Rahmstorf: Extreme weather events are always a combination of the vagaries of weather and longer-term climate changes, in this case global warming. It's true that the frequency of extreme weather events has increased. A series of studies prove it.
Germany's weather service has confirmed this is true of both high temperatures and high precipitation.
dpa: How does warming lead to floods?
Rahmstorf: That's fairly simple as a matter of physics. In 2010 we had the warmest year globally since the start of weather records, first equal with 2005.
A warmer climate increases precipitation because most of the moisture in the air comes from the oceans by way of evaporation. So if the sea gets warmer, you'll always get more rain too.
And 2010 was at the same time the wettest year, meaning with the most rain worldwide since precipitation records began 100 years ago.
dpa: Is flooding in Europe connected to this?
Rahmstorf: You can never distinguish these factors in a single extreme event. But it is clear that the frequency of such extreme events is on the rise, and moreover, in the past decade there have been extremes on a whole new scale.
dpa: For example?
Rahmstorf: Last summer's heatwave in Russia brought July temperatures that were well above any previous readings. The Pakistan floods followed rain of an intensity never recorded before there. The same applies in Australia currently.
dpa: But aren't the floods in Australia and Brazil caused by the La Nina effect, in which oscillating currents in the Southern Pacific Ocean cause weather changes in the tropics and southern hemisphere?
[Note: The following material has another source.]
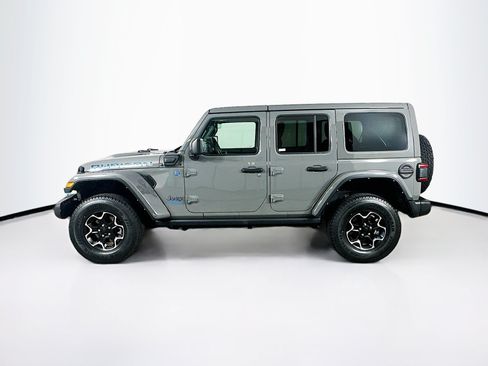 Used 2022 Jeep Wrangler Unlimited Rubicon 4xe w/ Cold Weather Group AWD/4WD image 4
Rahmstorf: Yes, of course its La Nina that's the direct cause. But the alternation between El Nino and La Nina is cyclical, happening every three to seven years, so it doesn't explain why the recent precipitation has set a 100-year record.
Some scientists have been suggesting the swings of El Nino and La Nina are growing more powerful. Right now we've got an extreme La Nina. Back in 1998 it was the most powerful El Nino.
But personally, I think it's too early to say that this has been proved in a really robust way.